I turned to my partner to scold her as this part of the system counted some of the most dangerous areas. But as usual, Ali wouldn’t listen to me. Her right hand back in the greasy bucket and her gaze fixed on the stars, she made my head rotate so I could have a look at what had caught her three seconds attention span: a space station with a glass dome.
“Abandoned,” I concluded as I could perceive rides and rollercoasters behind the old station’s protective cupola. It did not emit on any frequency and its thermal signature appeared to be too low for it to be inhabited. “It must have drifted too far from the space highway after its engines died.”
“It’s an amusement park,” Ali also noticed, biting her bottom lip with excitement.
“I know. But we can’t board it. It’s too dangerous as it could take us even farther away. Or collapsed on us.”
“Rad. Shall we go?”
“No.”
“Excellent! Thank you so much!” Living in an alternate reality where she can do whatever she wants, this unkempt had already taken control of the handle.
The Swallow hastily headed straight towards the donut-shaped fairground complex which looked more and more bleak. Wild vegetation, torn tents, twisted vertical loops. The ruined park no longer shone with its thousand colors of yesteryear. It could have been a movie set for the next Funhouse, which made Ali even more thrilled.
It was a miracle that the rusted garage’s door remained functional as drifting pebbles and cosmic radiation had severely damaged the exterior of the station. Once the ship parked vertically, we ventured into the main lobby where the atmosphere—charged with CO2 but breathable—was rancid and moist.
“This park has been closed for more than two decades—at least since the beginning of the Deep Rings Rush,” I said, looking at a pile of garbage near a smashed open ATM.
“How can you be so sure?”
“There’s a brick of milk without sinister missing child’s notice on it,” I answered while pointing to the faded cardboard container under a giant plush tiger emptied of its polystyrene foam. “Also, an ad for the Muppet Movie is stapled on the wooden panel near the souvenir shop.”
“This is the most fantabulous place in the system!” shouted Ali as she crossed the entrance’s gripped turnstiles under the vacant eye of a creepy animatronic.

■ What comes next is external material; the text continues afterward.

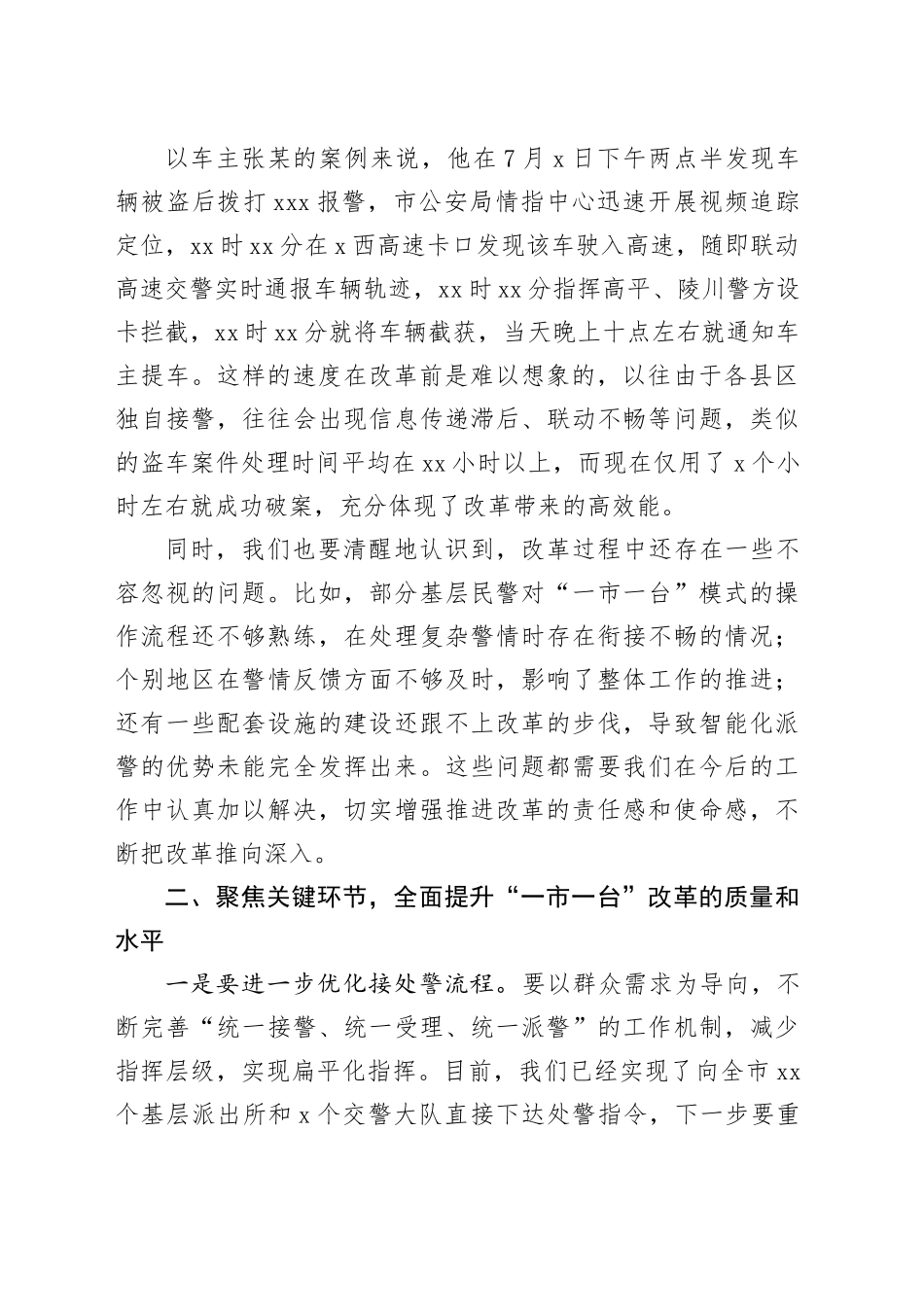 全市公安系统“一市一台”’改革推进会议讲话_第2页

I did not share her enthusiasm. Despite the sorry aspect of the park, we were not the only ones recently roaming around. On the covered dusty ground, tiny footprints were clearly visible. The newest ones belonged to a pack of small automatons. And one of them soon crossed our path.

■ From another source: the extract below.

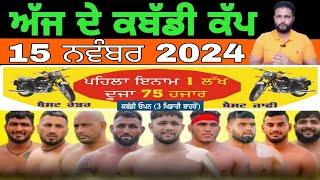 Aaj De Kabaddi Cup 15 November 2024 | kabaddi live | kabaddi live today | live kabaddi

“Isn’t it cute, Lee? It reminds me of F.A.B. but shaped like a Wonder Ball.”
I grunted. The ridiculous robot was the opposite of endearing. It was a modest iron ball roughly painted in red with thin skeletal limbs. All around the ventral joint circling this mini-sphere, someone had drawn sharp teeth with a permanent marker after adding three stupid googly eyes.
“We’re bringing him back!” Ali pursued, brushing her new pet. “Imma find another one for you.”
“You better put it down,” I coughed as she was rummaging through the dust and a pile of moldy folded maps. “It could already belong to someone.”
My human pouted and wanted to rest the bot on a mailbox yet the little machine had clamped its small metal limbs around her fingers. Trying to free herself, Ali shook it like a broken Magic 8 Ball but without further success. “The fuck you doing?” Ali cursed before wincing in pain. “Stop it! You’re hurting me you little—” The robot suddenly opened in two and a long elastic tongue concluded by a threatening hypodermic syringe slowly unfolded before dancing in the air as a cobra would have done to the sound of his master’s flute. “Oh shit! Lee! Help m—ouch!” Helpless, Ali got stung between the eyes and fell backwards.
“I told you so—” Taken by surprise, I ended up slammed to the ground by three other bots. These little punks had just appeared from a candy shop. Not without fighting back, I sadly suffered the same fate. And I could only blame my ludicrous partner!